Hopefully the potential eco-disaster of a snakehead invasion was successfully averted. The fact of the woman responsible for the release coming forward to confess her sin and remorse may be a ray of hope that people are capable of accepting responsibility for their actions. In this case ignorance was the real culprit which suggests that those of us more informed about the consequences of introduced species could do more to enlighten the less informed but generally
good natured hobbyists among us. This has been suggested before- maybe petshops would be a good place to post some kind of literature on exotics and ethical fishkeeping.

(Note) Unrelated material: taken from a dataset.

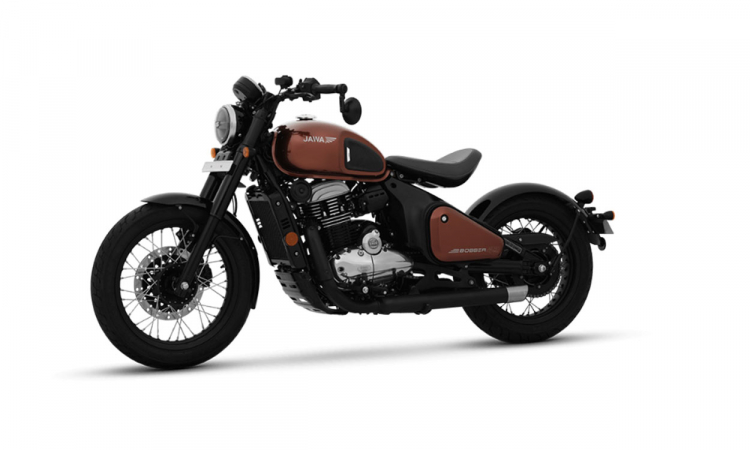 JAWA 42 Bobber Mystic Copper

For hobbyists who like that sort of fish - Bowfins would be a pretty decent substitute and less of a threat in the event of an accidental release since they are not only a native species but also a beneficial species in most of the places where they are found. From an ecological perspective they are North America's equivalent of the snakeheads and they belong here!
This may sound politically incorrect and downright sadistic to some (never mind that Nature can seem pretty sadistic at times) - but I wonder if someone just for the hell of it would place snakeheads and bowfin together in the same tank and put Ray's speculation to a test. That thought was inspired by a contest staged by researchers I had read about in a National Geographic article years ago - the introduced walking catfish- Claris batrachius against a native
bullhead - the latter got ripped up pretty bad!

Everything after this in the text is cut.